Your child’s personal statement is checked to make sure it has not been copied, then all the information in their application is processed. This can take up to 48 hours.
Receiving a conditional or unconditional offer is good news, but it’s important to know the difference and commitment they’re making if they accept one.
- A conditional offer means your child needs to meet some conditions – usually exam results. If they accept a conditional offer as their firm choice, they are committed to taking up the place if they meet the conditions.
- An unconditional offer means the place is theirs if they want it. They still might have to meet non-academic conditions, such as a health check. If they accept an unconditional offer as their firm choice, they are committed to taking up the place, regardless of what grades they get.
- An unsuccessful application means the university has decided not to offer them a place.
- A withdrawn application means the choice has been withdrawn, either by your child, or by the university. If the university has done this, they’ll let your child know why.
Once they've received decisions from all their choices, your child needs to reply to any offers they have. Make sure they’re accepting the right offer, for the right reasons.
Before replying, they need to:
- understand the conditions of their offer – if they’re not sure, they should contact the university
- visit the university or college – if they haven’t already done so, it’s good to check if it’s somewhere they’ll be happy
- discuss any individual needs with the university – for example, if they have a disability, so everything is in place when they start the course
- check the tuition fees – it’s important to know what they are before accepting the offer
- take time to compare their offers, to make sure they’re happy with those they want to accept and those they don’t
Your child can accept an offer as their firm or insurance choice.
- For a conditional offer, they will be guaranteed a place on the course if they meet the conditions.
- For an unconditional offer, the place is theirs.
In either case, they are committed to that course at that university or college.
This has the same level of commitment as a firm choice, but only comes into play if your child doesn’t meet the conditions of their firm choice – it’s like a second chance to get a place. It makes sense for the insurance choice to have less demanding conditions than the firm choice.
Your child will have a deadline to reply to the offers they receive, which depends on when they received the last one. The table below shows the official deadline dates, but it’s really important they check their application to see their personal deadline.

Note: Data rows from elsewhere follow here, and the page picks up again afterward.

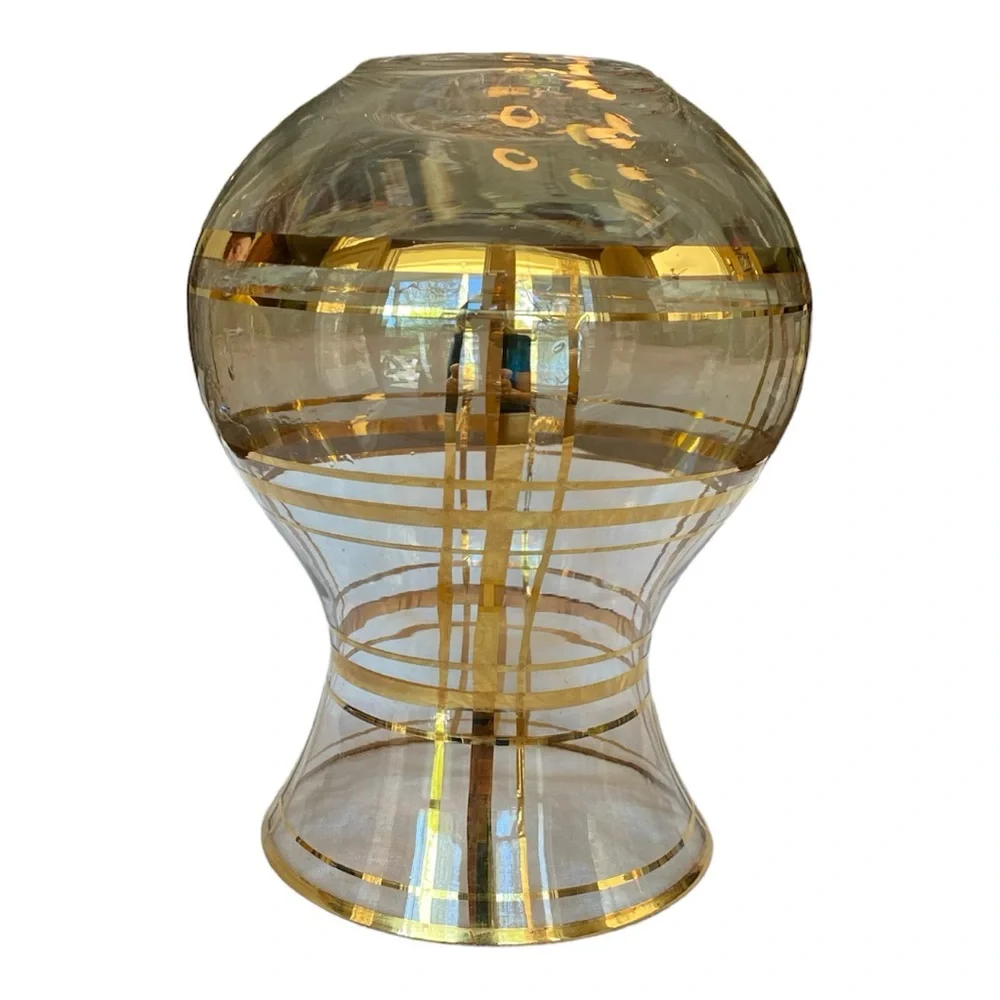 Vintage Mid Century Clear Glass Vase Hand Painted Gold Plaid Striped Grid MCM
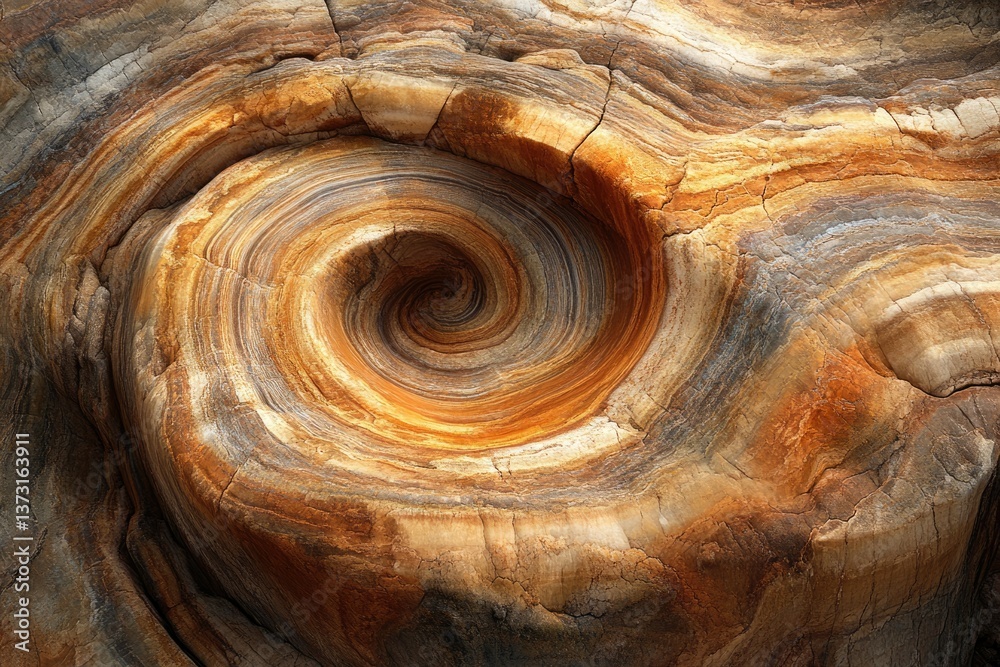 Poster A mesmerizing close-up shot reveals a swirling pattern of layered rock with earthy tones and textures, creating a captivating natural abstract.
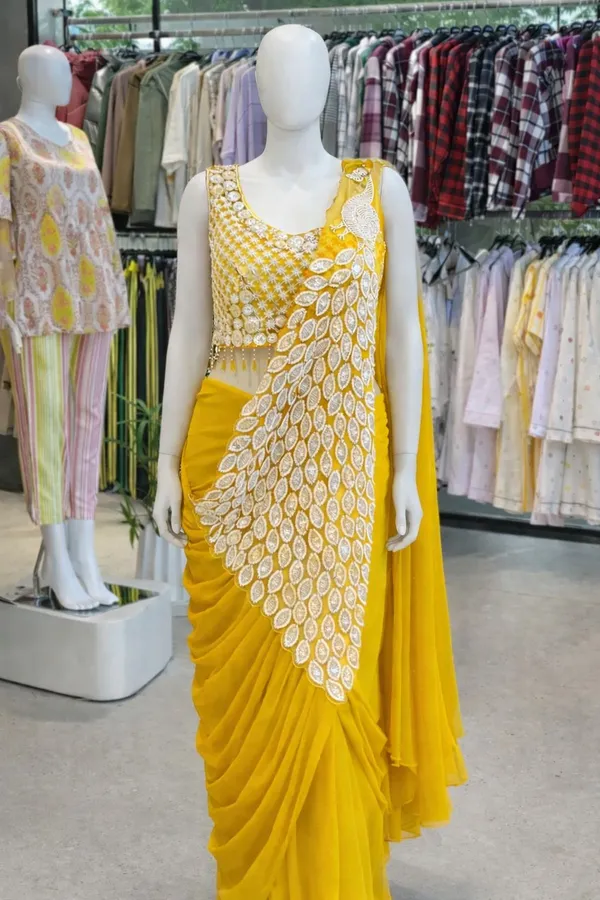 Yellow_Georgette_Embroidered_Mirror_Work_Ready_to_Wear_Saree_Gown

If they don’t reply to their offers by their deadline, any offers they have will be automatically declined on their behalf – this is called decline by default.
Narrowing down a potential five offers to decide their firm and insurance choices can be difficult. This is where you can serve as a valuable sounding board.
If they’re unsure what to do, talk to them about what they want to get out of a course and their university experience.
Has this changed at all in the last few months? How do these offers align with their goals or preferences?